All the articles I write and post in the Commons will be stored here, but I will not store comments or other writer’s contributions.

A Magazine as a Reader/Writer Commons.

For-profit organisations and markets dominate economics and the exchange of goods and services.

The civil society of religious organisations, volunteer groups, clubs, communities, and families dominate not-for-profit organisations and economic exchanges that share any surplus with the community they serve.

A Commons Economy is a reader-supported publication. To receive new posts and support my work, consider becoming a free or paid subscriber.

For-profit organisations can combine the benefits of profits with the community benefits of sharing and increasing capital productivity.

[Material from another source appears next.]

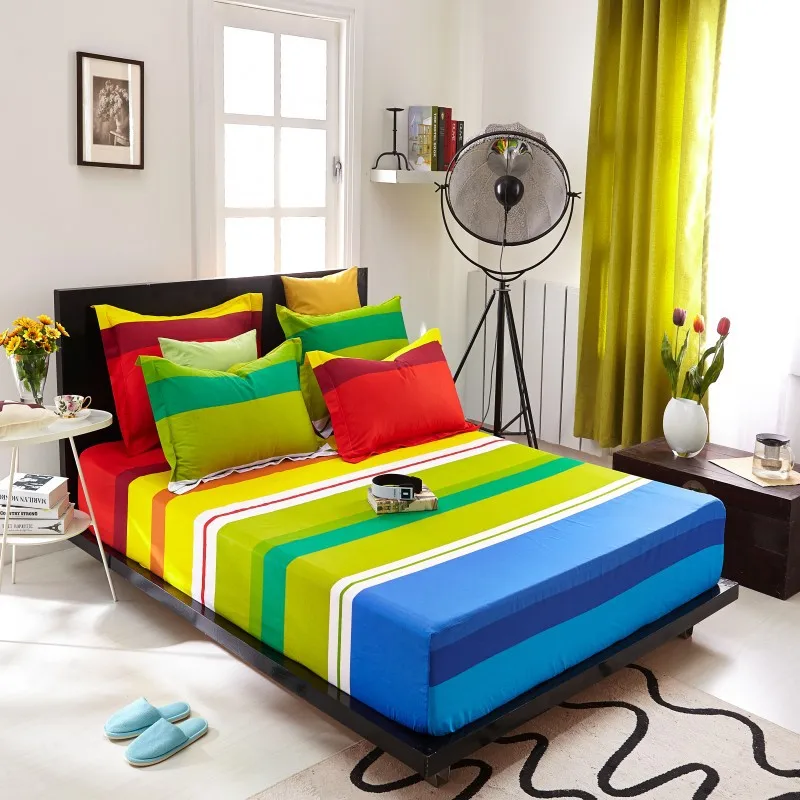 Хлопковый защитный чехол с принтом постельного белья для односпальной и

This magazine discusses Economic Commons and is a for-profit magazine where the profits are shared with the community of readers and authors. It is an example of how any business can become a commons while increasing profits by sharing them with its readers and authors.

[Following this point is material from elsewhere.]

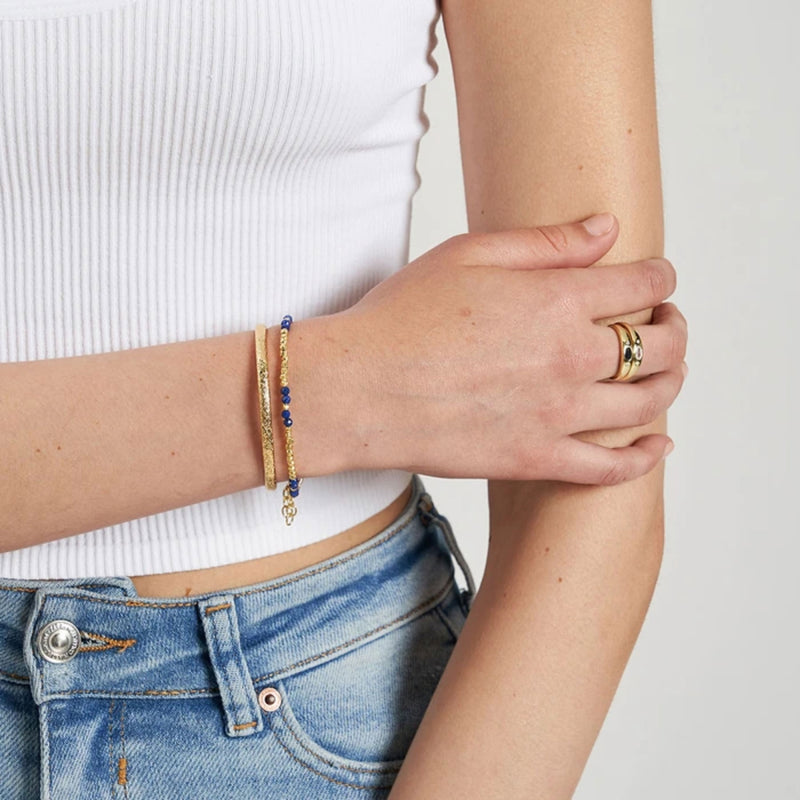 Amazon Gold & Lapis Lazuli Bracelet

It will start with a simple 50:50 split between the reader and the authors. It will not require any change to the Substack subscription model to illustrate any size of business can share to benefit both producers and consumers. Authors because it gets more repeat business and readers because each article read costs less.

It starts with the following agreement.

Subscription money is distributed to

  • Pay the operating costs of the substack
  • Payment processors.

The Remainder is distributed to

  • Authors
  • Readers

The Authors initially receive 50% and the Readers 50%

The Readers are encouraged — but not forced — to spend their share on other subscriptions, including “An Economic Commons”. Readers get their funds minus processing fees if they cancel a subscription or when they pay their next subscription.

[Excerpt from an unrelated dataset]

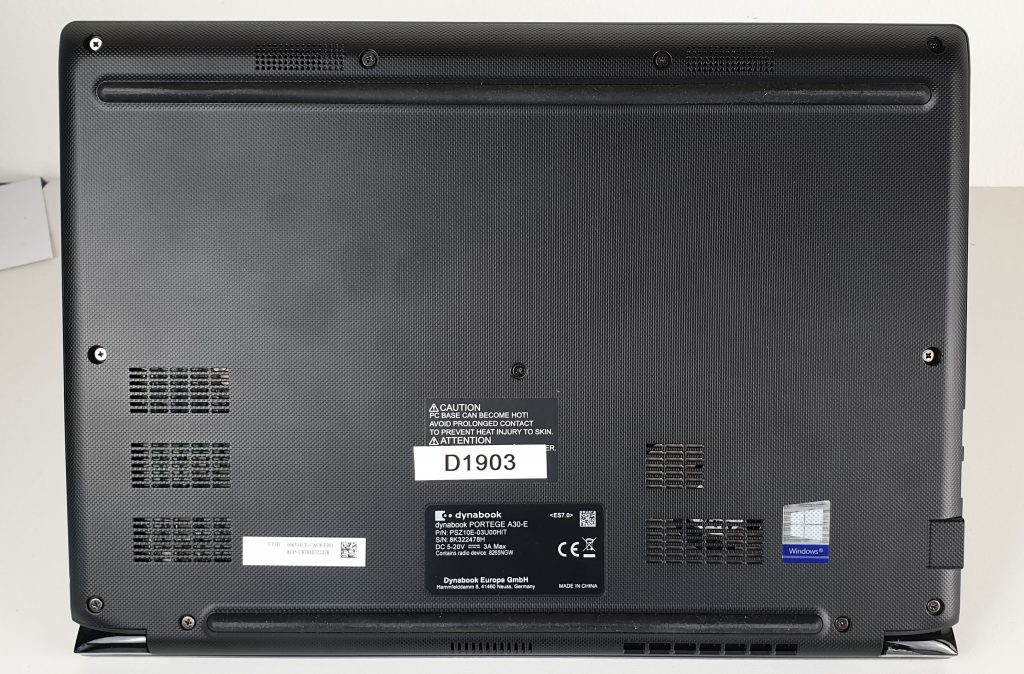 Dynabook Portege A30-E-150 parte interna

Like the authors, the readers get a share of the 50% depending on how many articles they have read. If they have read none, they get 25%; if they have read all, they get 75%.

Authors get a share depending on the articles used. The share is a graduated scale determined by the authors. Similarly, readers decide the division of their share, and both authors and readers decide the division of the total share.

The objective is to keep as much money as possible in the substack system and to reuse it as much as possible. For example, authors will be encouraged to spend their share on other subscriptions using an Economic Commons.

Assume the subscriptions amount to $1,000 and $300 goes to substack and payment processors. Assume both authors and readers recycle their shares with other subscriptions. The $700 is spent twice on subscriptions; the year after, it is $490. If the substack and the payment processors shared their profits, then all the money would circulate, and the economic productivity of the Capital would be very high. It can be imagined that Capital will continue to recycle producing articles.

It may mean a reader and author commons becomes available to all for the first subscription plus the cost of operating the system minus the (100% — percentage share to readers). Imagine if we used the same system for all goods and services.

Please get in touch with me if you would like to build an agent-based model of this or other Commons.

Please recommend this magazine to others.

Please send me any article you would like to put in the magazine.

Please pay for a subscription. It is an unusual investment as it gives you more for the same amount of money by circulating profits.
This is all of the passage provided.